A primeira é que a UE atravessa um dilema difícil com os desafios levantados por estes estados. Há duas questões a ser pesadas, incompatíveis entre si. Por um lado, os representantes supranacionais não podem esquecer, como acontece muitas vezes, que ainda estamos numa união de estados. É preciso estarem preparados para perceber ponderadamente as questões postas pelos estados-membros em relação à sua soberania. Por outro lado, de facto, a Polónia tem vindo a violar o espírito dos valores da União Europeia. Mas as instituições ainda não encontraram a verdadeira forma de lidar com este assunto. Não vale a pena passar a vida a enaltecer os direitos dos cidadãos europeus quando, na prática, eles são postos em causa através das sanções ao regime. A UE tem uma aceitação importante em estados como a Polónia e a Hungria, precisamente por ser vista como o fiel da balança, especialmente pela parte da opinião pública mais insatisfeita com os avanços nacionalistas – e muitas vezes proibicionistas – destes regimes. É preciso encontrar fórmulas de abordar estes casos sem perder o apoio das populações. E responder a um chefe de estado que tem uma pretensão legítima de acordo com o Tratado da União – ainda que a use como arma política – com discursos sobre mau comportamento não leva a lado nenhum.

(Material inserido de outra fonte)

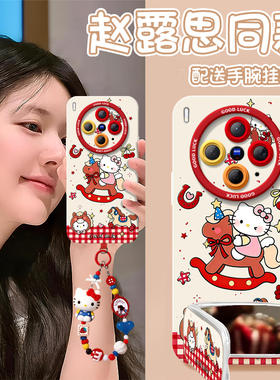 木马猫咪适用vivoX300手机壳vivox200新款X100pro高级vivo x100s套x70保护x60加ultra全包X90硅胶x200s镜头pr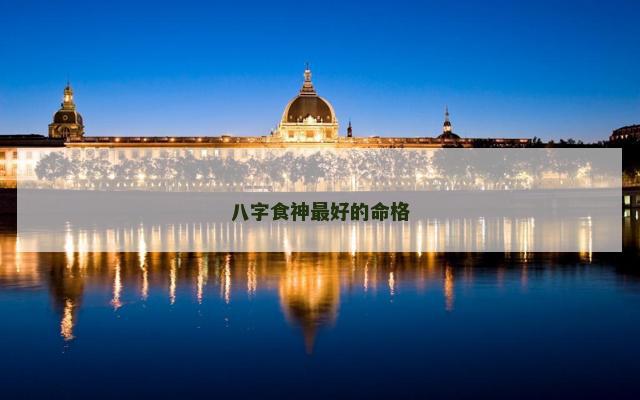 八字食神最好的命格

Até porque – e esta é a segunda ilação – a Polónia precisa da União Europeia. Não só por causa dos fundos europeus regulares e do plano de recuperação económica, mas porque estes regimes usam a Europa como “o Outro” que legitima a sua existência. Tal como Budapeste, Varsóvia precisa de se manter na União, como tantas vezes disse Mateusz Morawiecki. Não porque o regime abrace os valores europeus, mas precisamente porque é esta pertença que justifica a viragem nacionalista destes governos. A Europa é a entidade de que a Polónia tem de se “defender”. Sem ela, o regime tinha pernas muito mais curtas.

É esta “desobediência” continuada à UE, esta espécie de rebeldia política contra um Leviatã sem legitimidade política para ser Leviatã, que constitui a narrativa política de Varsóvia. Por isso não estão “dentro” nem “fora”, e por isso o seu comportamento irá manter-se, como uma espécie de pária que se recusa a perder os benefícios e a cumprir os deveres. É isto que parece escapar às instituições supranacionais e aos seus representantes, que tratam um assunto iminentemente político com leis e discursos inflamados. E enquanto assim for, vai ser muito difícil resolver problemas. O caminho de reintegração da Polónia tem de ser outro. Mais político, mais diplomático, mais denunciador deste jogo que Varsóvia aprendeu tão a bem a jogar.